キッチンもミニマル。小さな窓から、帰宅する家族の姿が見える。

間取りは、ダイニングを中心に、個室などが繋がったもの。隣家が近いので、プライバシー保護のため、採光用の窓は2階のリビングスペースの南面に大きな摺りガラスがあるのみ。照明は、壁面に埋め込まれたLEDのラインが何本かあるだけだが、これで室内は十分に明るい。天井と壁が白で床が銀色のアルミ素材のため、反射して光が回るのだ。そして見上げた天井は、照明・空調の穴など何一つ存在しない、白くて平らな面。研ぎ澄まされた美意識を感じるものだ。

経済的なアイディアは経営者視点

美的な面にはとことん拘ったが、経済的な面もしっかり両立させているのが小池邸である。まずこの独創的な建物は、コンクリート造ではなく木造だ。柱の見えない大きな室内空間を作るため、建築家は屋根をできるだけ軽くした。結果、建築費も抑えられることに。床暖房は設けず、冬は絨毯の下にホットカーペットを敷くのはアイディアである。しかも送風機を上手く活用することで、「夏もエアコン1機で快適に過ごせ、電気代はさほどかかりません。男の子は成長するとすぐに家を出てしまうから」と、二人の子供(現在は高校生と中学生)のためにあえて個室を設けず、寝室は共用とした。勉強は大きなダイニングテーブルでしている。極めて合理的だ。

小池さんはデザイナーでありながら経営者でもある。この相反する二つの立場が、前衛的でありながら経済的な家を作りあげたのだろう。そんな小池さんの愛車は、ポルシェ・マカンGTS(2017年製)。それまではボルボXC90で、お子さんたちが幼い頃は、随分とキャンプに出掛けたそうだ。芦屋の山は自然が残っており、レンジローバーで悪路を走りまわった時代もあった。
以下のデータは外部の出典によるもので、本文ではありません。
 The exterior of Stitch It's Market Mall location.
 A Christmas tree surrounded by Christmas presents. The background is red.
「もともと走るのが好きなんです。長く乗ったボルボの買い替えを検討していた時、丁度マカンのGTSが出て。新しいXC90と値段はさほど変わらないし、GTSなら走りの面でも断然魅力的なので」クルマ選びも小池さんらしい。

旗竿地で、駐車スペースは敷地の入り口に。通路の奥左手に、小池邸の玄関が見える。後ろの住宅と比べても、圧迫感のない大きさである。
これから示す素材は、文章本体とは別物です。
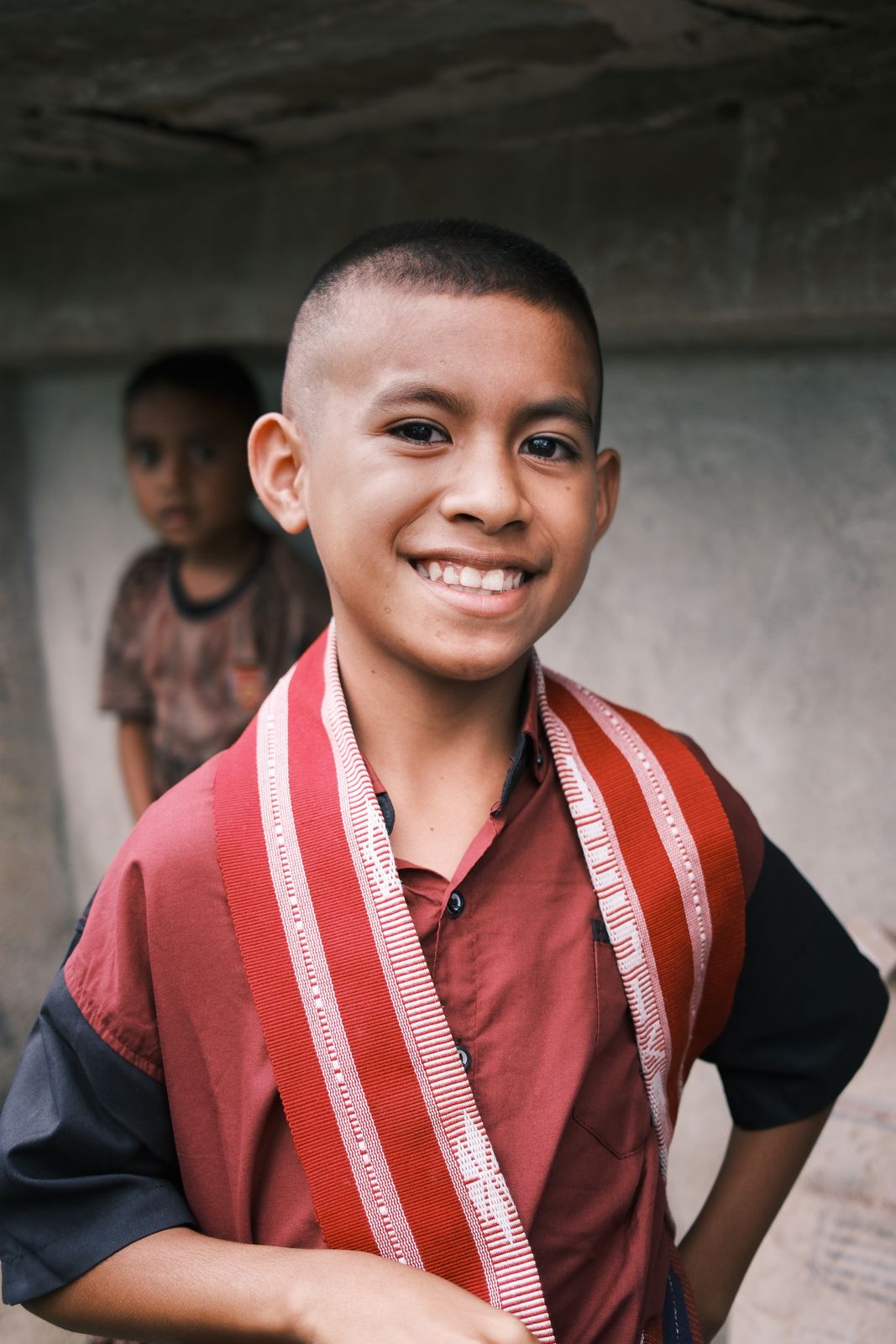A smiling boy in a red and white sash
そんな建て主の普段の生活と言えば、「職場では忙しく動き回っていますが、家に帰るとのんびりして、何もしないタイプなんです」

たしかに前衛的でミニマルなこの家に足を踏み入れると、最初はテンションが高いが、暫く身を置いているうちに不思議と落ち着いてくるのである。そして思った。この空間で何もしないというのは、心底気持ち良いのではないかと。小池さんがミニマルなこの家を建てた理由が、何となく分かった気がした。

■建築家:山口隆 1953年京都市生まれ。 京都大学卒業後、安藤忠雄に師事し独立。安藤流のコンクリート造に拘ることなく、海外の理論家たちと研究を重ね独自の理論を展開。国内外の大学での講演も多い。住宅以外に、宗教施設、工場(写真)など幅広く設計。クルマ好きで、現在の愛車はマッドブラックのランボルギーニ・ガヤルド。